[Opening Data records section]

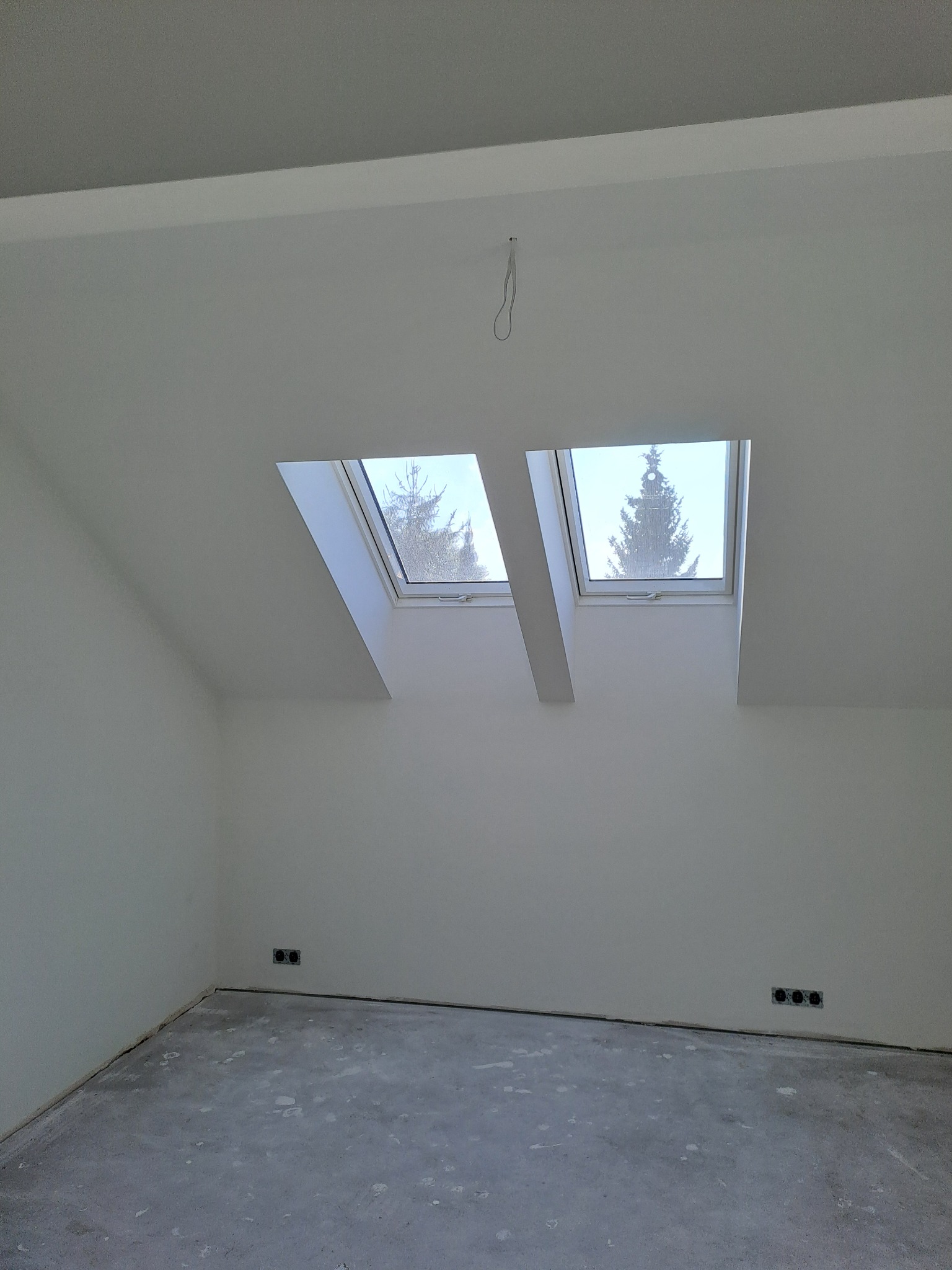 Poddasze po gładziowaniu i malowaniu na biało, z dwoma oknami dachowymi, przez które widać drzewa. Szpachlowana podłoga, widoczne gniazdka elektryczne.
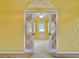 View through decorative glass doors into another room in the yellow interior home at 9336 Villa Entrada, New Port Richey, FL 34655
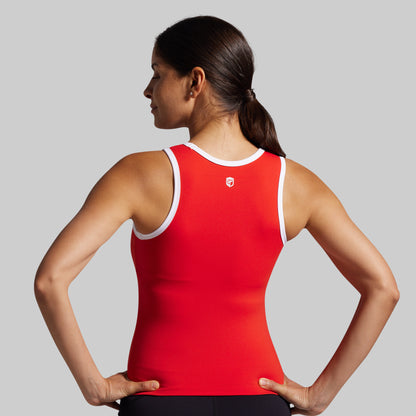 Woman wearing a red tank top with a logo on a gray background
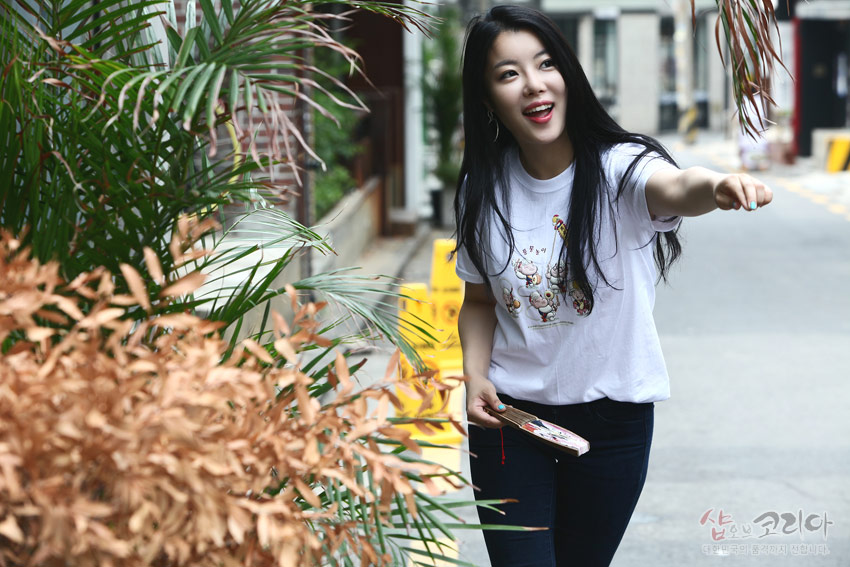 [텍스트: 샵오브코리아 / 아름다운 한국전통의 상품만을 선보입니다] 흰색 면 반팔에 풍물놀이 인물과 악기를 다색 3D 입체발포 기법으로 표현한 캐릭터 문양 티셔츠 모습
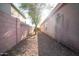 A low-maintenance side yard provides privacy and a clean, simple design at 2533 N 114Th Ave, Avondale, AZ 85392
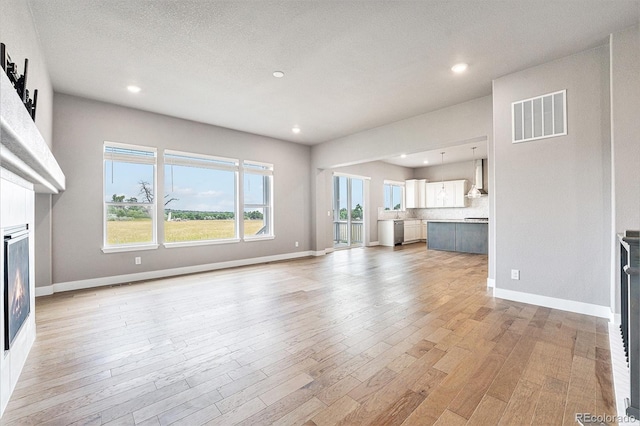 7293 Xenophon Ct, Arvada, CO 80004 - unfurnished living room with a glass covered fireplace, light wood-type flooring, and recessed lighting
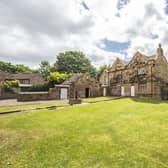 An historic Hall with attractive gardens is a comfortable home with potential for development.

[Closing Data records section]

How to complete this task: Return the full material word for word. Do not include the pictures.

Expected answer:
 Poddasze po gładziowaniu i malowaniu na biało, z dwoma oknami dachowymi, przez które widać drzewa. Szpachlowana podłoga, widoczne gniazdka elektryczne.
 View through decorative glass doors into another room in the yellow interior home at 9336 Villa Entrada, New Port Richey, FL 34655
 Woman wearing a red tank top with a logo on a gray background
 [텍스트: 샵오브코리아 / 아름다운 한국전통의 상품만을 선보입니다] 흰색 면 반팔에 풍물놀이 인물과 악기를 다색 3D 입체발포 기법으로 표현한 캐릭터 문양 티셔츠 모습
 A low-maintenance side yard provides privacy and a clean, simple design at 2533 N 114Th Ave, Avondale, AZ 85392
 7293 Xenophon Ct, Arvada, CO 80004 - unfurnished living room with a glass covered fireplace, light wood-type flooring, and recessed lighting
 An historic Hall with attractive gardens is a comfortable home with potential for development.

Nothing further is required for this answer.